Lorsqu’il fut arrêté, Martín Almada était officiellement membre du parti Colorado, bien qu’adhérent au MOPOCO, une branche dissidente. Ses crimes étaient d’avoir publié une thèse critiquant le système éducatif paraguayen, son activité syndicale dans l’enseignement, et ses méthodes d’éducation inspirées de Paulo Freire, un autre subversif. Il fut torturé pendant trois ans, de prison en prison, en passant par le camp de concentration d’Emboscada. Dans la paranoïa du régime, tous ceux qui déviaient d’un iota du statu quo faisaient partie de « l’ennemi intérieur ».
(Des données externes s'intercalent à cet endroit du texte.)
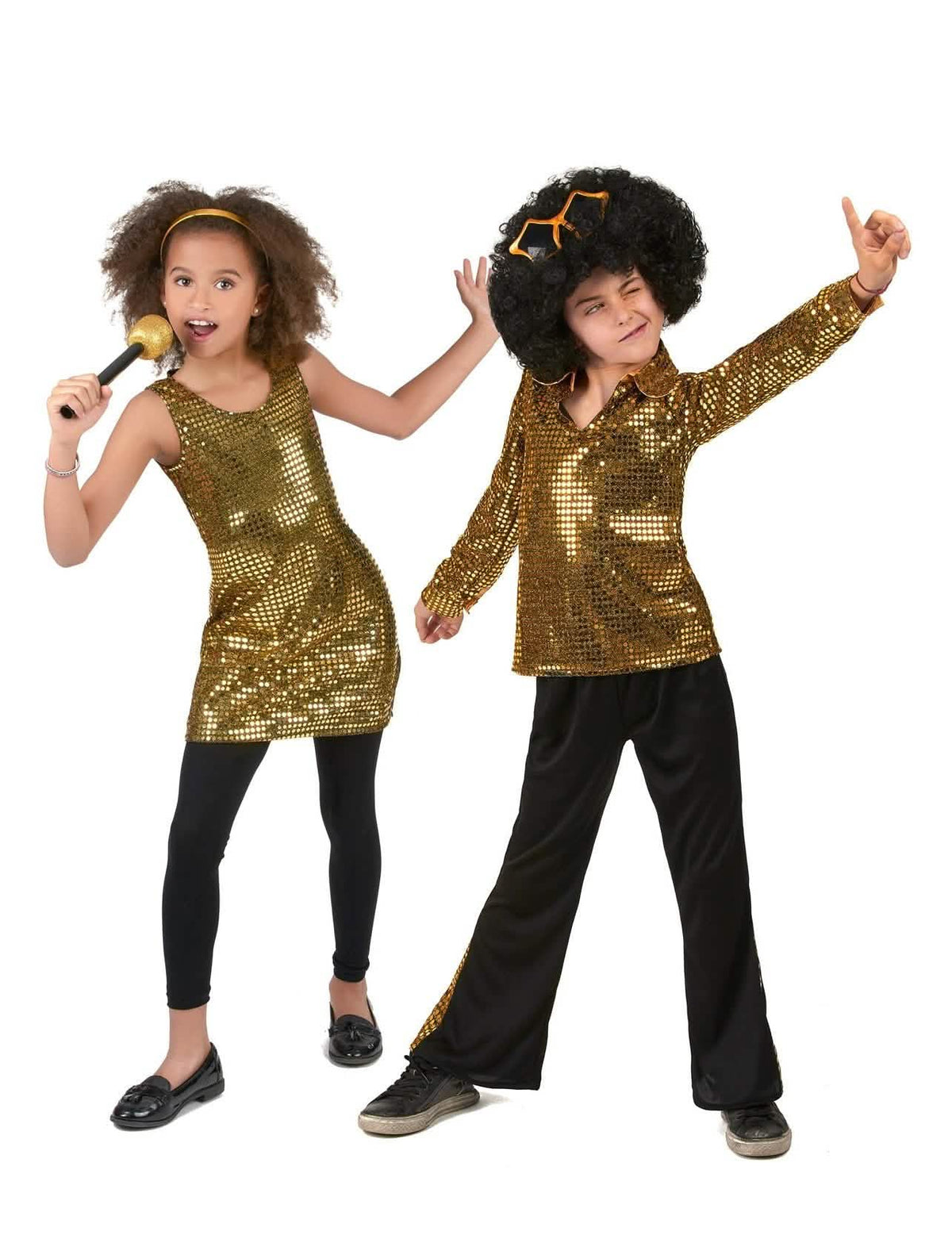 Disfarce de casal disco dourado - criança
On pouvait aussi être arrêté pour s’être mis en travers du chemin des membres puissants du régime ; dans un pays où la corruption fait partie intégrante du fonctionnement politique, les membres du gouvernement et les militaires peuvent simplement faire incarcérer les civils qui les dérangent sur le plan personnel. Dans une interview avec Investig’action, Almada mentionne une femme dont le fils aurait été emprisonné parce qu’elle ne voulait pas céder sa propriété ; épisode mentionné également dans le livre « Opération Condor, un homme face à la terreur en Amérique Latine » de Pablo Daniel Magee.
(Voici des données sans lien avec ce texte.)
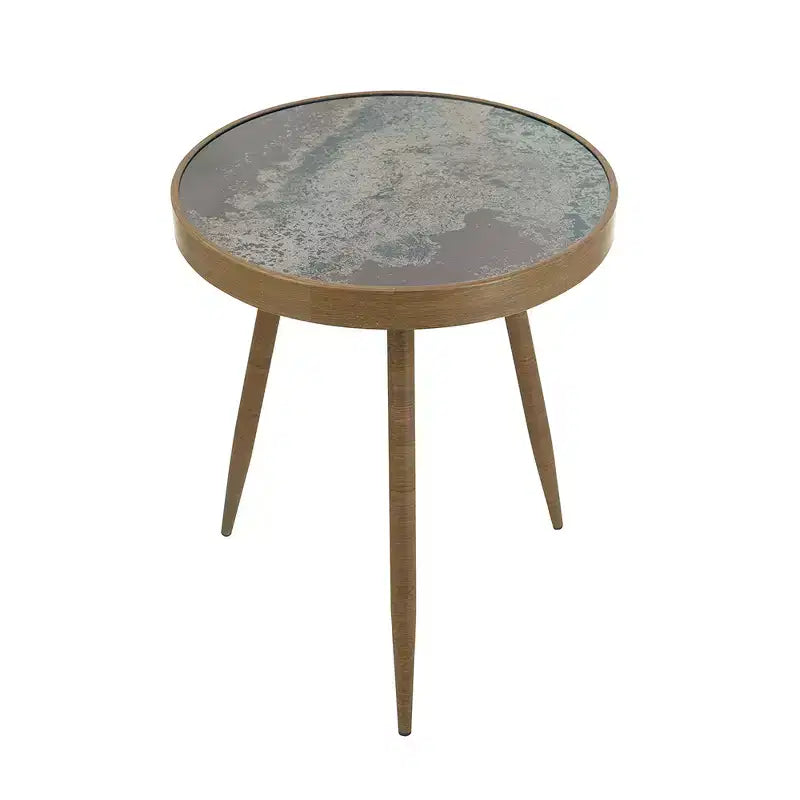 Round Side Table with Glass Top and Antique Gold Legs 18x18x22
Parmi les personnes persécutées, il faut mentionner les indigènes et les paysans. Dans la camp de concentration d’Emboscada, la majorité des prisonniers étaient des paysans sans terres, qui ne pouvaient pas gagner leur vie sous le système agricole oligarchique mis en place par Stroessner. Nous devons nous intéresser plus en détail à ce système, qui perdure encore aujourd’hui.
L’oligarchie agricole paraguayenne
Les terres malhabidas
En 1954, 65% de la population vivait en zone rurale, et l’agriculture représentait l’activité majeure du pays, avec seulement 7% de la population travaillant dans le secteur industriel. À ce moment-là, déjà avant Stroessner, la répartition des terres au Paraguay était extrêmement inégale : 87,7% des exploitations agricoles étaient aux mains d’1,1% des propriétaires. Stroessner met en place la « Révolution Pacifique », où il revendique puis rachète ou exproprie des terres appartenant jusque-là à de grosses sociétés brésiliennes, argentines ou paraguayennes.
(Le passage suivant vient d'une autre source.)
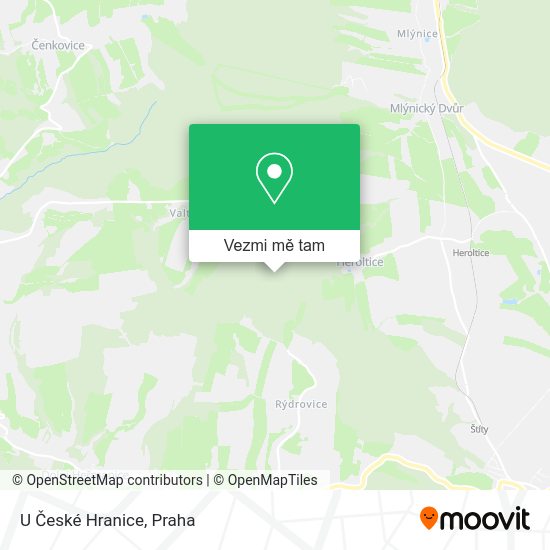 U České Hranice mapa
Le programme était censé amener à une redistribution des terres au service du paysannat paraguayen. Selon Juan Manuel Fruntos, politicien Colorado et président de l’IBR (Institut du Bien-être Rural), « Ce qui nous intéresse, c’est ce que dit et pense l’agriculteur paraguayen et nous sommes ici pour servir l’agriculteur paraguayen. »
Derrière ce discours populiste se cache une réalité moins altruiste : Stroessner distribuait des milliers d’hectares de terres à ses alliés, formant une nouvelle oligarchie agricole qui écrasera le paysannat paraguayen.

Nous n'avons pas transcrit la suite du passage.